SAFETY or interest? Most lives are a blend of the two. Political life is no different. So, Wings Over Scotland is perfectly entitled to ask if the balance within the independence movement is wrong and electoral safety has become the overriding priority for the SNP.
Of course, Stuart Campbell may be right about this but wrong about his proposed solution of creating a new party for the 2021 Scottish parliament elections. Instead, the Rev Stu’s disruptive announcement may serve the useful purpose of giving both the SNP and the Scottish Greens two well-timed and long overdue kicks up their respective backsides.
The Scottish Greens saw their membership quadruple after indyref and picked up list seats at Holyrood from pro-indy voters who realised the SNP would most likely not benefit from a second list vote.
Although their climate stance is obviously the Greens’ most distinctive policy, they’ve unquestionably benefited from this symbiotic relationship with the SNP. But where is the party’s own vision of independence – are they letting the bigger, better resourced SNP do all the running, whilst occasionally lobbing occasional tough questions at FMQs? It’s hard to know.
The party issued a press release in the wake of the Ashcroft poll which was resoundingly ignored in the ensuing media stampede. So far, so normal. But being ignored is pretty normal for the pro-indy left. Women for Indy and local Yes groups get no formal press coverage but work even harder on social media, organising street stalls, training activists, leafletting and travelling to AUOB marches.
I don’t see the same levels of activism by Scottish Green branches or any real attempt to connect with the wider Yes movement. Why not hire some 48-sheet billboards and punt the top-five Green independence ideas in each city?

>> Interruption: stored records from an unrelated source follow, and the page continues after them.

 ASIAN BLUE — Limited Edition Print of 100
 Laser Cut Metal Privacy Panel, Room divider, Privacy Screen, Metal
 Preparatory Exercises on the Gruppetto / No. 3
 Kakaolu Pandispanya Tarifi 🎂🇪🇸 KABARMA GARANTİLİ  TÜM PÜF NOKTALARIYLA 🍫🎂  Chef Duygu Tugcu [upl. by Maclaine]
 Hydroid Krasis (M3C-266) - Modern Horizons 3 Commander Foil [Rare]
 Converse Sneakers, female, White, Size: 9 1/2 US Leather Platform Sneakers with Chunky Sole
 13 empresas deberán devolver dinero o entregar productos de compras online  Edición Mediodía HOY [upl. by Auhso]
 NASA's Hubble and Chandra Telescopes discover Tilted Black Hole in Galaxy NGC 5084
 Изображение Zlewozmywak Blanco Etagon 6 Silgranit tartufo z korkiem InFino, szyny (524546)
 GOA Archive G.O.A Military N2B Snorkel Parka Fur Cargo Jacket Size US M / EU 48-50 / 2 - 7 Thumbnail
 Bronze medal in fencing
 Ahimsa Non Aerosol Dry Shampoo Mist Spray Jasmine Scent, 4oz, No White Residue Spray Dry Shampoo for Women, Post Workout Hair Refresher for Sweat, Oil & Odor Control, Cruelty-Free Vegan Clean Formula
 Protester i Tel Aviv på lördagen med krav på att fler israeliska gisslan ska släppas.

A party with 6000 members should be more active, should have won a Scottish seat at the European elections and should have more than 12% of members voting for new co-leaders.
That doesn’t mean the Greens are doing nowt, though. Kevin McKenna said in yesterday’s National; “[The Greens] have contributed precisely nothing of any note in the 20 years of Holyrood’s existence.”
C’mon, Kevin. Nicola’s climate emergency declaration was poached from the Greens. Local government services would be hundreds of millions of pounds poorer without their budgetary intervention.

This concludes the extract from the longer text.